I'll give a short answer and a long answer.
The short answer is that the KL divergence on multinomials is defined when they have only nonzero entries. When there are zero entries, you have two choices. (1) Smooth the
distributions in some way, for instance with a Bayesian prior, or (similarly) taking the convex combination of the observation with some valid (nonzero) distribution. (The standard Bayesian approach is to use a Dirichlet prior, which amounts to treating each entry as a fraction $n_i / m$ where $m=\sum_i n_i$, and $n_i$ should be integer (but with your provided data this may get messy), and replacing these fractions with for instance $(n_i + 1) / (m+|x|)$ where $|x|$ is the number of atoms in the discrete distribution; the "convex combination" smoothing choice is similar, if $x$ is your observation and $\alpha \in (0,1]$, return $\alpha U_{|x|} + (1-\alpha)x$ where $U_{|X|}$ is the uniform distribution on $|x|$ points.) (2) Employ heuristics throwing out all the values that do not make sense, as suggested above. While I acknowledge that (2) is a convention, it doesn't really fit with the nature of these distributions, as I will explain momentarily.
The longer answer is the mathematical reason why KL divergence can't handle these zeros, which requires information about Exponential family distributions (multinomial, gaussian, etc). Every exponential family distribution is defined relative to some base measure, and it must be nonzero everywhere on that base measure: this is true with multinomials, it is true with gaussians (covariance matrix must be full rank), etc. This arises because these distributions are the solution to an optimization problem which breaks down in the presence of those zeros. Anyway, so what needs to happen is that the relative base measure is the "tightest possible": in the case of multinomials, it is the uniform distribution on the nonzero entries, and in the Gaussian case, it is Lebesgue measure restricted to the affine subspace corresponding to the eigenspace of the provided covariance, shifted by the provided mean. The KL divergence (written as an integral) only makes sense if both distributions are relative to the same "tightest fit" measure.

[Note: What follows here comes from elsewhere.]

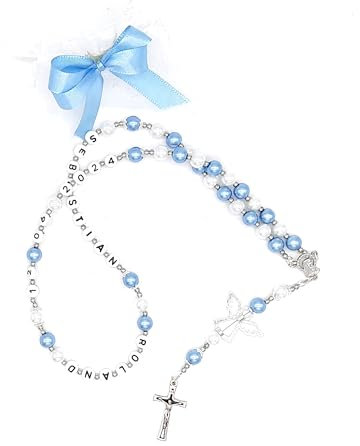 Rosenkranz mit Namen personalisiert Taufe Kommunion Konfirmation Geschenk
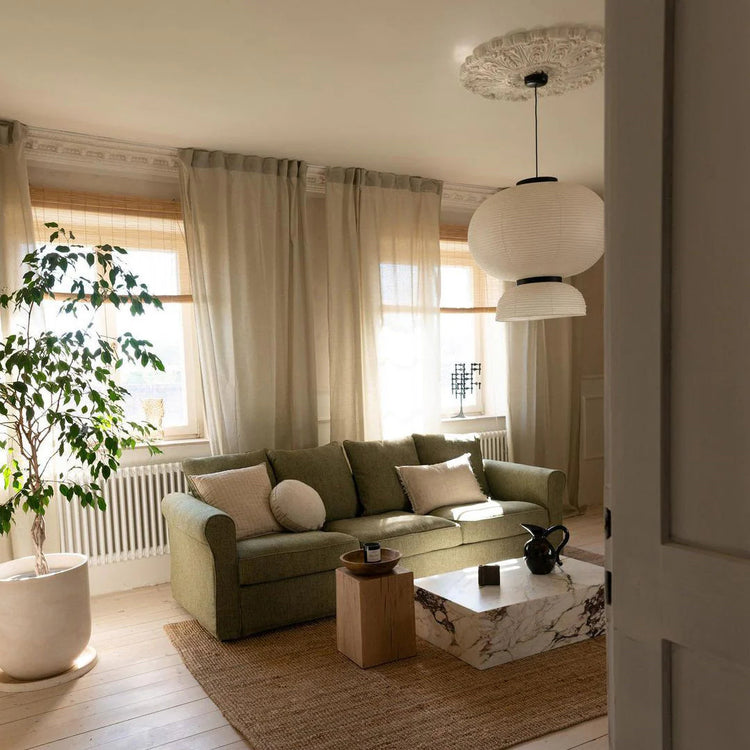 Trendy rundt rispapir vedhængslampe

To summarize, the invalidity of the formula in the presence of zeros isn't just some unfortunate hack, it is a deep issue intimately tied to how these distributions behave. The smoothing/Bayesian solution is thus better motivated: it nudges the distributions into validity. But many people simply choose to throw out those values (i.e., by erasing $0\ln(0)$ or $a\ln(a/0)$ and writing $0$ in its place).